Nicht zulassen will der FDP-Politiker jedoch, dass die höheren Haltungsstandards zu einer Verdrängung der heimischen Erzeugung durch Importware führen. In den internen Ampel-Verhandlungen will er zudem hinterfragen, ob „Bio“ als höchste Haltungsstufe „wirklich sinnlogisch“ ist. Bestehende Strukturen wie die ITW dürften zudem nicht durch die verpflichtende stattliche Haltungskennzeichnung zerschlagen werden, so Hocker.

Die Interessengemeinschaft der Schweinehalter Deutschlands (ISN) nahm im Anschluss positiv zur Kenntnis, dass der Gesetzentwurf an den zuständigen Bundestagsausschuss überwiesen wurde. Das ist nach seiner Überzeugung auch notwendig, da zahlreiche Mängel in dem Entwurf beseitigt werden müssten.

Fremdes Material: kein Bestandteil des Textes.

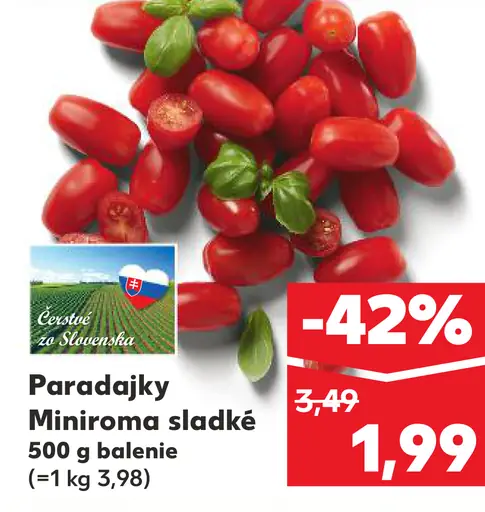 Paradajky Miniorama sladké
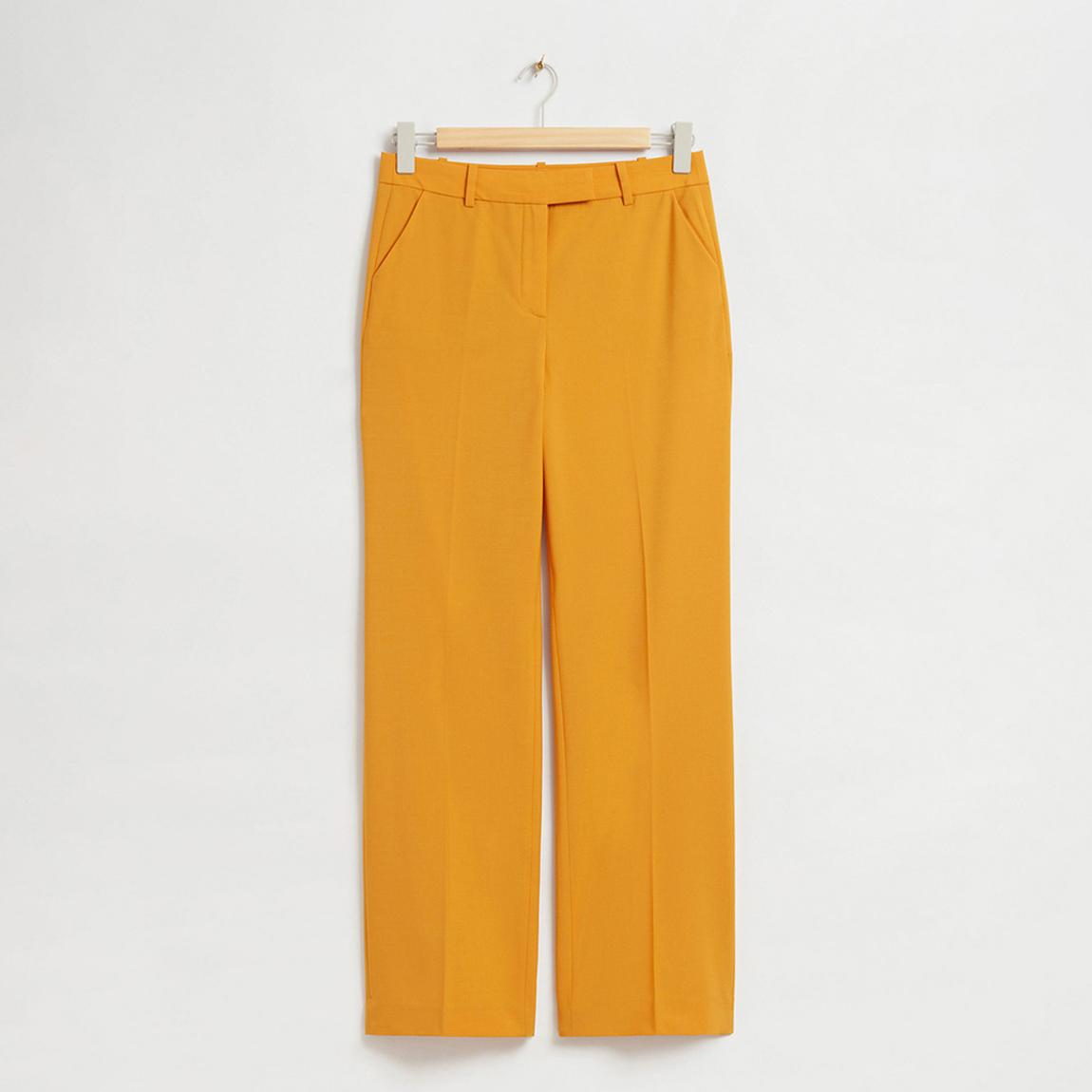 Yellow Wool Blend Straight Trouser main product photo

„Jetzt müssen diese vielen Einwände im Agrarausschuss auf den Tisch und praktikable Lösungen müssen her. Denn die Ignoranz, mit der die Bundesregierung und insbesondere Landwirtschaftsminister Cem Özdemir die Einwände der Bundesländer u.a. mit EU-rechtlichen Bedenken beim Umgang mit ausländischer Ware wegwischt, ist inakzeptabel.", so ISN-Geschäftsführer Dr. Torsten Staack. Ihm zufolge begrüßt die ISN die Einführung einer verpflichtenden Tierhaltungskennzeichnung, „aber nicht mit diesen gravierenden Mängeln und ohne Gesamtkonzept."